Pyramid lights up in London for International Women in Engineering Day
Image credit: Milene Guermont
An installation by artist and engineer Milène Guermont is set to be illuminated in London for International Women in Engineering Day. Members of the public are invited to interact with the structure, which responds to their heartbeats.
Guermont trained as both an artist and engineer, and often takes a technical approach to her work. Following a synesthetic incident in which she “touched a regular [concrete] wall and felt that [she] was on the beach”, she began working with “polysensual concrete”: concrete which can respond to people, such as by playing sounds from the ocean when touched.
She is perhaps best known for her monumental artwork, Phares, a 30m-tall pyramid, which stood for six months in the Place de la Concorde, Paris. Phares complemented the nearby Obelisk of Luxor, standing in front of it and covering it with a swirl of lights from retro car headlights. Members of the public were invited to place their finger inside a cardiac sensor, and Phares’ lights – as well as lights on the Eiffel Tower and Montparnasse Tower – would synchronise with their heartbeat.

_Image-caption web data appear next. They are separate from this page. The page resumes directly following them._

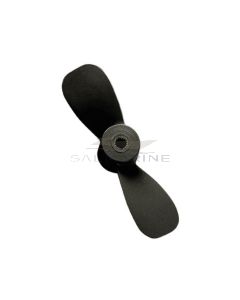 PROPELLER 14X8 - VP21351270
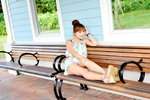 27072014_Inspiration Lake_Sabina Ng00243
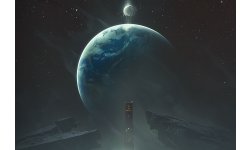 Destiny 2 Shadowkeep vignette 06 06 2019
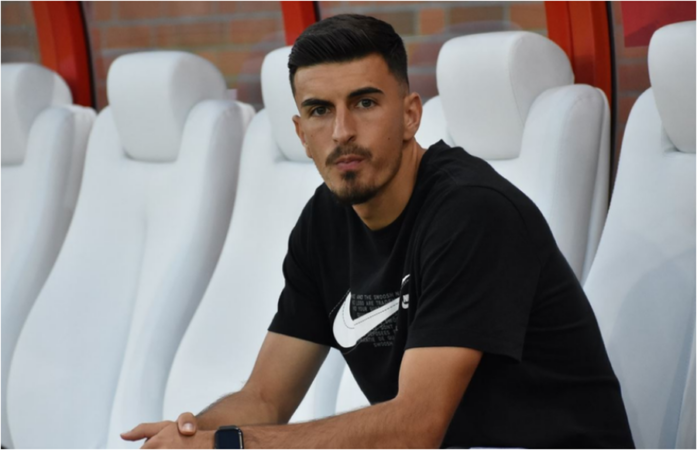 900 0 1770304740xjulian 384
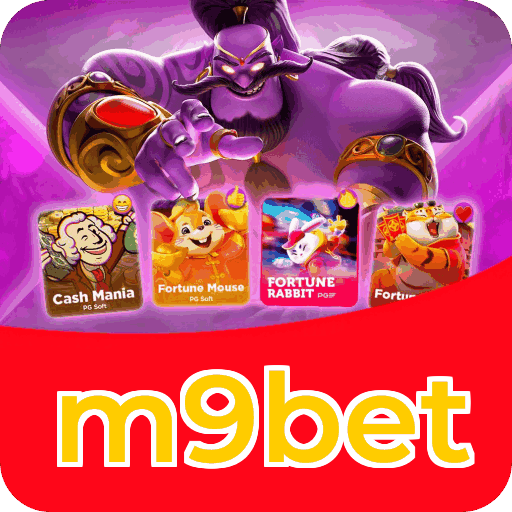 Fortune Tiger - RTP 96.81%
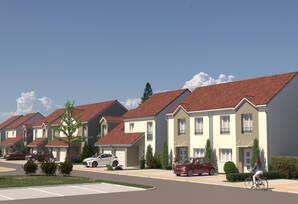 Galdenweg amb - Attribut alt par défaut.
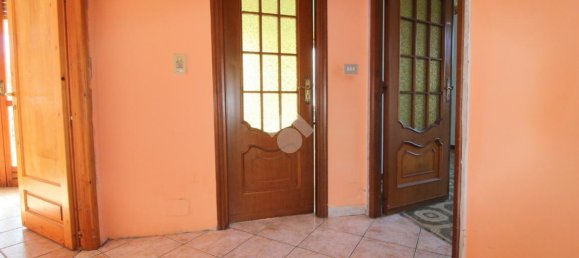 Villa de 8 habitaciónes en Prarostino, Italy No. 108956 10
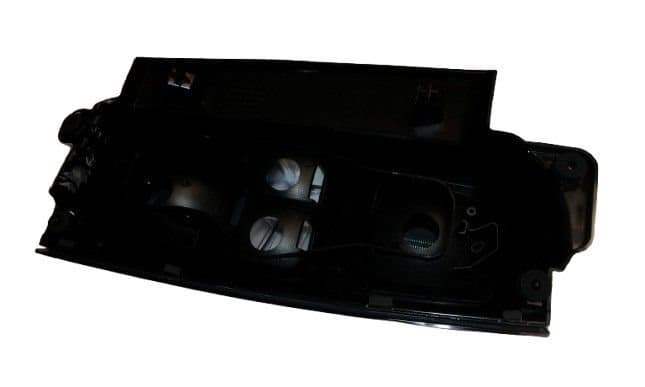 Bakljus - Citroën Jumpy IV 2016> vänster från Autofrance - bild 4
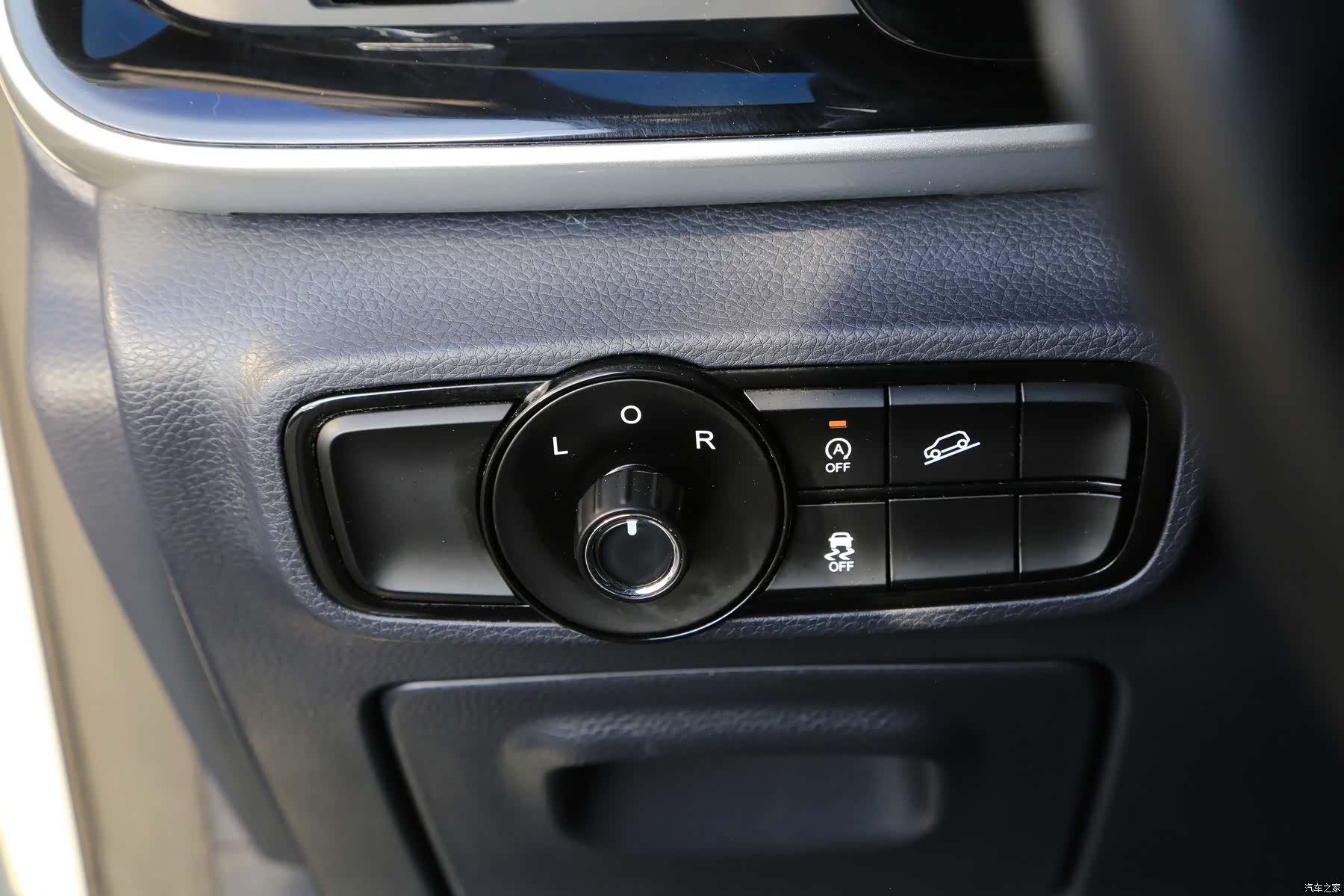 Trumpchi M8, 2022 11
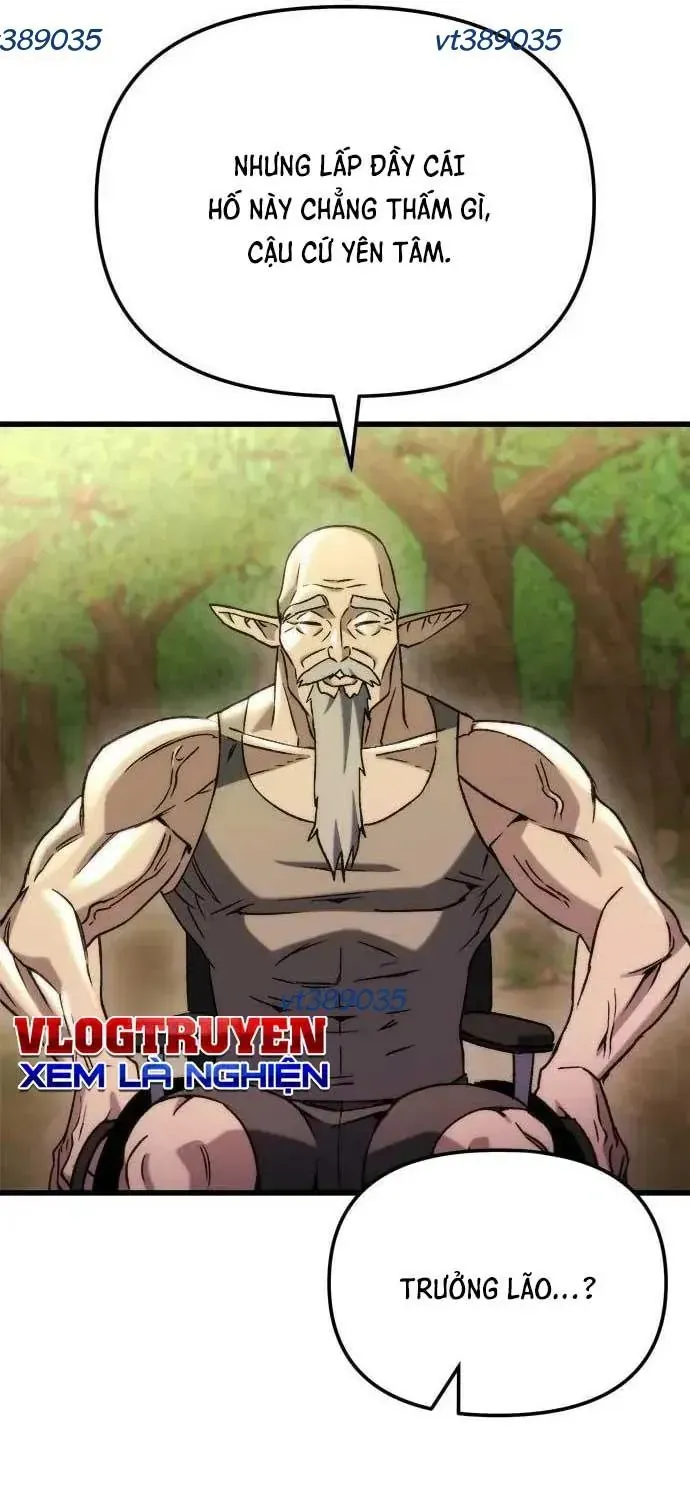 Mạt Thế Hậu Cần Chapter 87 - 150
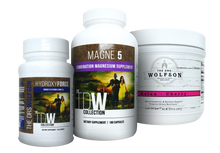 Load image into Gallery viewer, Depression Combo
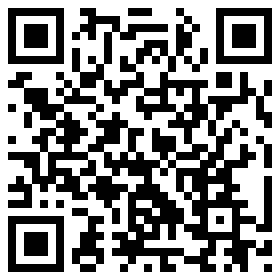 qrcode für Schneider Electric Servomotor 25Nm IP54 Sigl 128 BR abge - BMH1403P01A2A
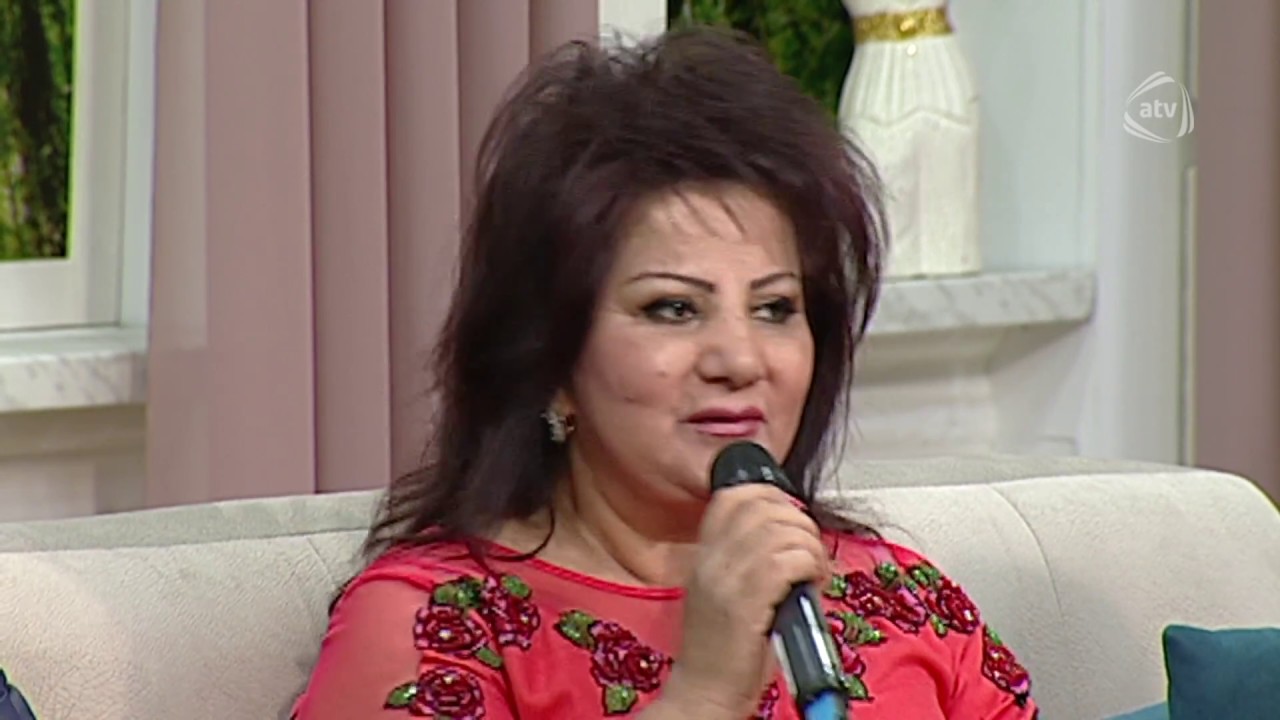 İzzət Bağırov - Azərbaycan (10dan sonra)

Inspired by Egyptian obelisks, which were always created in pairs, Guermont has built a companion to Phares: Pyramidion Twin. This much smaller pyramid is 4m high, and also responds to heartbeats with pulsating lights. When visitors touch Pyramidion Twin, which is based outside Trinity House, London, they will also illuminate its companion via satellite communication.
Pyramidion Twin will be illuminated on International Women in Engineering Day (23 June).
“I am an artist but I am also an engineer,” Guermont told E&T. “The message [of Pyramidion Twin] is that women can be in engineering in different ways.”
Guermont said that she hopes it will help to break stereotypes about the work of engineers, as well as sending an optimistic message about how we can interact with our environment, and with other people around the world.
She hopes that after its stint in London to celebrate women in engineering, the sustainable artwork will travel to Poland for COP24 (24th Conference of Parties to the UN Framework Convention on Climate Change) where it could be illuminated in different colours, reflecting the concentration of pollution in the air.